Further inland, Nanto lays claim to some of Japan’s finest wood carving, in the town of Inami. Japan’s mingei movement—which emerged in the 1920s, championing the folk crafts of anonymous artisans—is also deeply connected with the area, in particular Zentokuji. This 500-year-old Pure Land Buddhist temple is where mingei philosopher and leader Yanagi Sōetsu wrote an important essay on mingei, and it is possible to visit the tatami room he stayed in. The complex welcomes visitors, who can learn how to make a Buddhist nenju (rosary)—using beads from an ancient cedar cut down in the grounds—or use the serene coworking space. There is accommodation in the renovated former dojo, designed by mingei carpenter and architect Yasukawa Keiichi.
What to buy in Toyama
Tin Kago basket: The most famous product from Nousaku tin foundry is a beautiful and practical pliable-tin basket that can be transformed by bending.
Patinated copper jewelry: Masters of Takaoka copperware, Momentum Factory Orii’s workshop-adjacent shop sells jewelry made using its coloring techniques. Similar items were gifted to former first lady Jill Biden in 2024 at the Japan-US Summit.
Mother-of-pearl inlay glassware: Look out for works by Takeshi Musashigawa, a master artisan of Aogai-nuri, a distinct blue mother-of-pearl inlay unique to Takaoka City. Usually found on lacquerware, Musashigawa has created contemporary raden designs on glass, including covetable sake cups.
Sake KitKats: Available in Japan in all kinds of flavors (matcha, wasabi, sweet potato), the sake version of this ubiquitous candy bar is a collaboration with Masuizumi sake from Masuda brewery in Iwase.
Where to eat
A two-Michelin-starred auberge in the mountains, where chef-patron Eiji Taniguchi utilizes hyperlocal ingredients—including those from his own farm or foraged in the surrounding forest—in his French-Japanese menu.
Bioluminescent firefly squid and translucent Toyama Bay glass shrimp are seasonal highlights of the 10-course menu at this two-Michelin-starred restaurant in Iwase by chef Hironori Fujii.

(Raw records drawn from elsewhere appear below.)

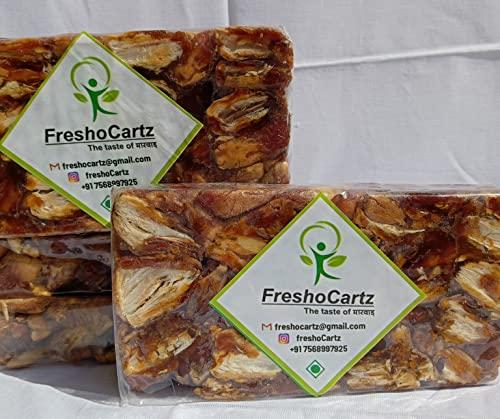 FreshoCartz FreshoCartz Seedless Dates | Arabian Dates | Khajur | Khajoor without Seeds | Sweet Dates | Pin Khajur (3kg)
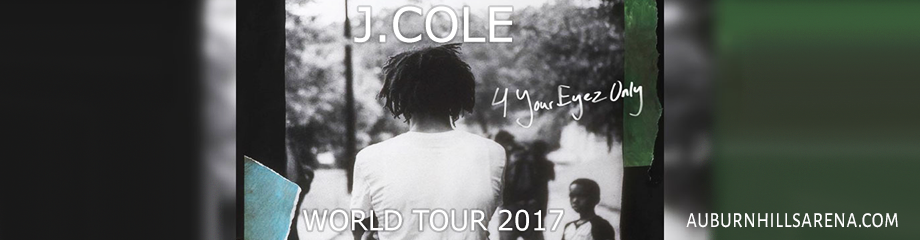 J. Cole at Palace of Auburn Hills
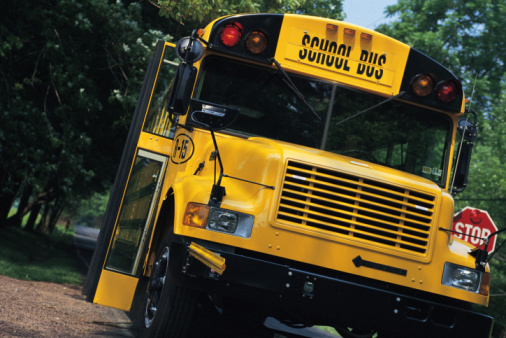 Prince George's County may add cameras on school buses to nab drivers who disregard the buses' flashing red stop signs. (Photo: Thinkstock)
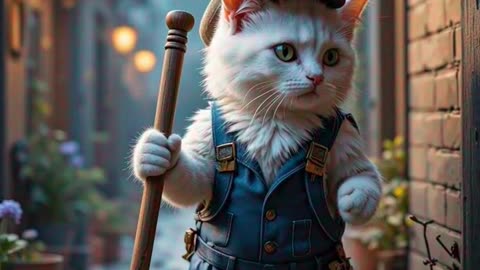 Cleanliness is Meow-siness!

Tatsuo Ryoke serves fine sushi at his omakase counter in Takaoka on exquisite Suze-ware bowls from Noto Peninsula, ceramics by Gaku Shakunaga, tin plates by Yoshinori Shimatani, and even Edo antiques with kintsugi repairs.

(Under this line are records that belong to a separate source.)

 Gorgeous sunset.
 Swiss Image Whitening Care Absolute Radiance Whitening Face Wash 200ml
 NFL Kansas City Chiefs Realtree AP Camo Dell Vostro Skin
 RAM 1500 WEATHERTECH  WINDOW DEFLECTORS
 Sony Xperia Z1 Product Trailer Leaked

This rustic café-restaurant in the scattered villages is run by Hirotaka and Shiho Akita who serve seasonal vegetables and foraged sansai (mountain vegetables) alongside their homegrown rice.

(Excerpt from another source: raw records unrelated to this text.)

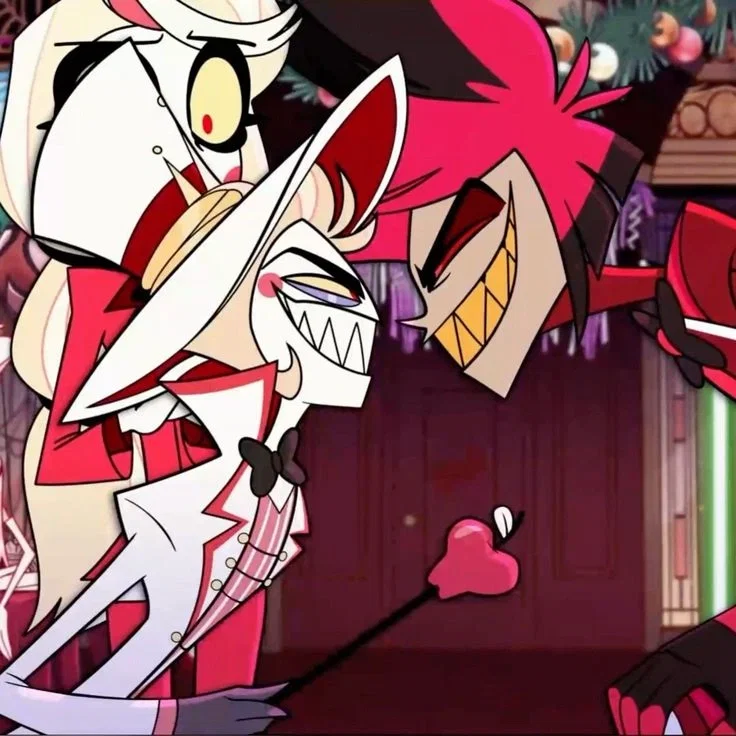 Lucifer and Alastor | ♡ | Hazbin Hotel 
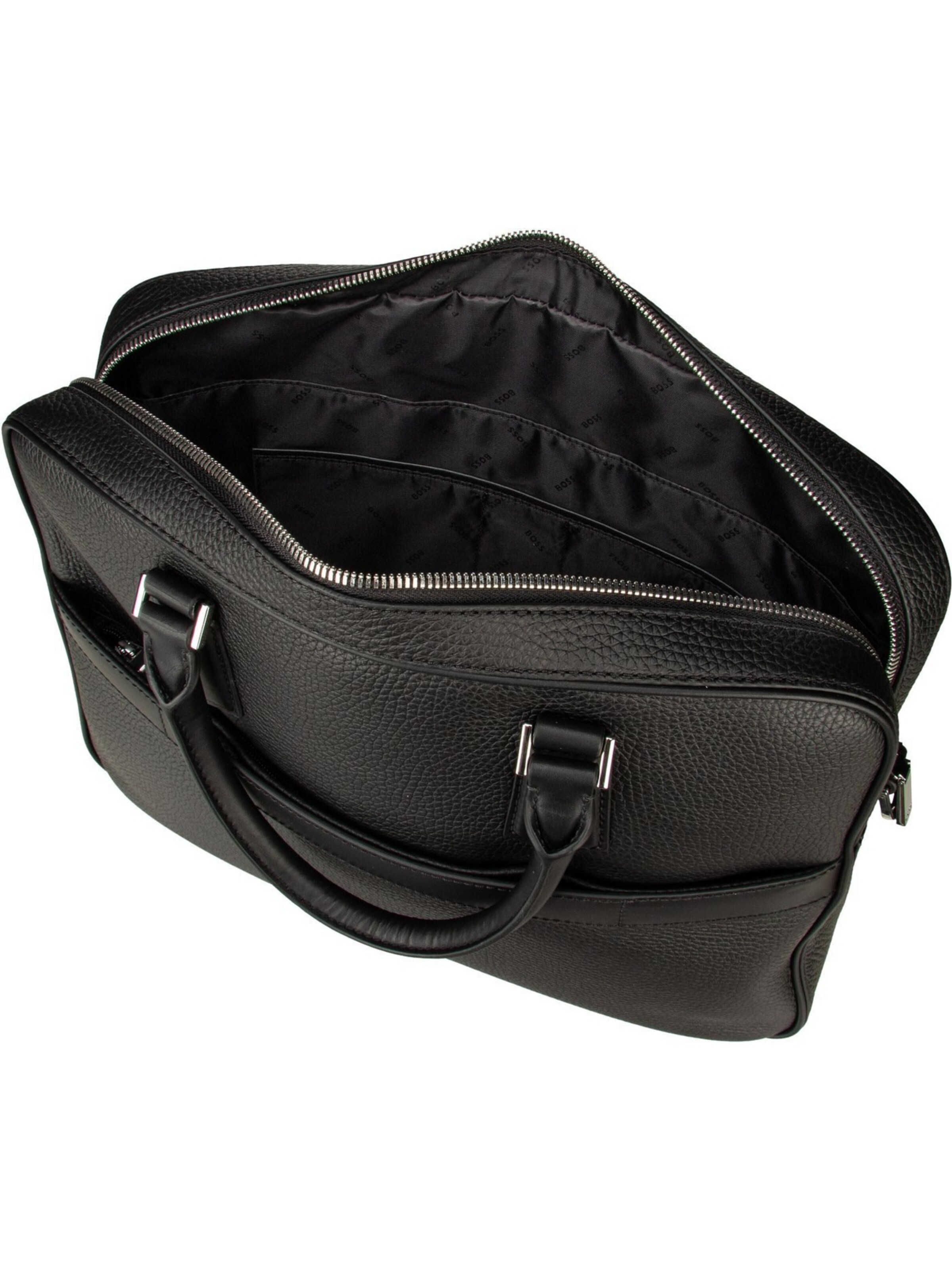 Porte-documents BOSS en noir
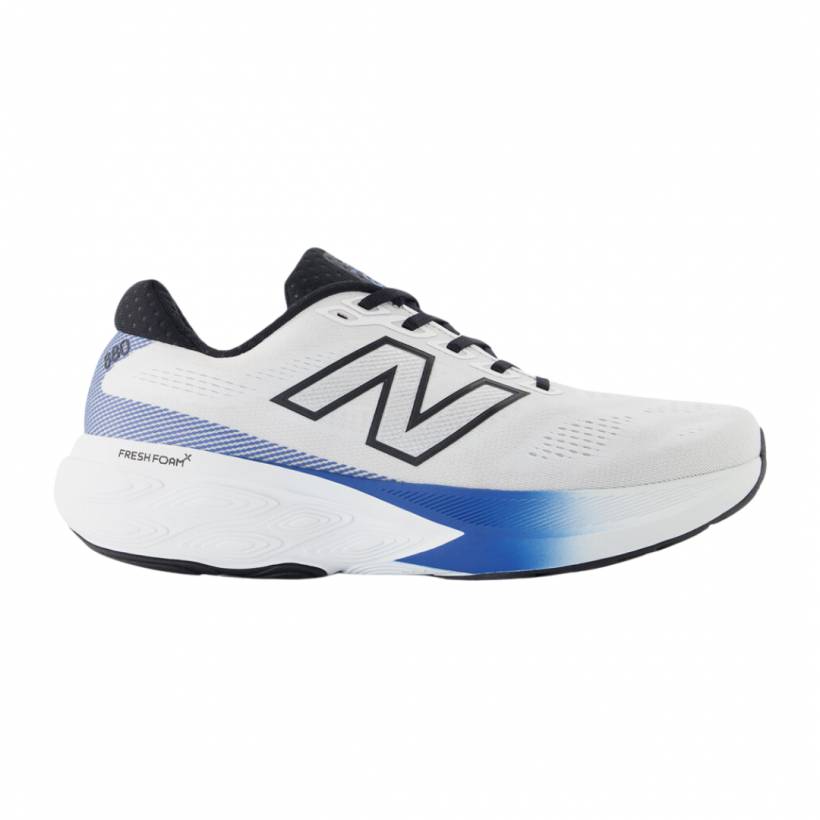 Chaussures New Balance Fresh Foam X 880 v15 Blanc Bleu AW25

Close to Toyama station, this bar serves food but the main event is the sake, with tipples available from all 19 of Toyama’s breweries, including IWA, created by Richard Geoffroy, formerly of Dom Pérignon. Retail sales also available.
Where to stay
A three-room luxury inn in a 120-year-old azumadachi farmhouse furnished with contemporary and mingei gems. Two percent of room fees go towards maintaining the local kainyo (house forests). A sculpture by Rei Naito, who is famous for her works on the art islands Naoshima and Teshima, has recently been installed in the garden.
Copper maker Yotsukawa Seisakusho has remodeled two adjacent historic shophouses in Kanaya-machi into high-end rentals that combine contemporary design and period features (even a WW2 bomb shelter in one). Tatami rooms sleep four or eight respectively, while niches showcase the company’s fine bronze castings.
Each of these six villas, renovated by master wood carvers and other craftspeople in Inami, is a work of art in its own right. Overnight guests can participate in a wood-carving print-making workshop led by one of the few female wood artisans.
At Zentokoji temple in Johana, what was once the dojo for monks and followers has been transformed into a simple yet elegant six-bedroom lodge offering a comfortable night’s sleep ahead of 6:30 a.m. sutra chanting.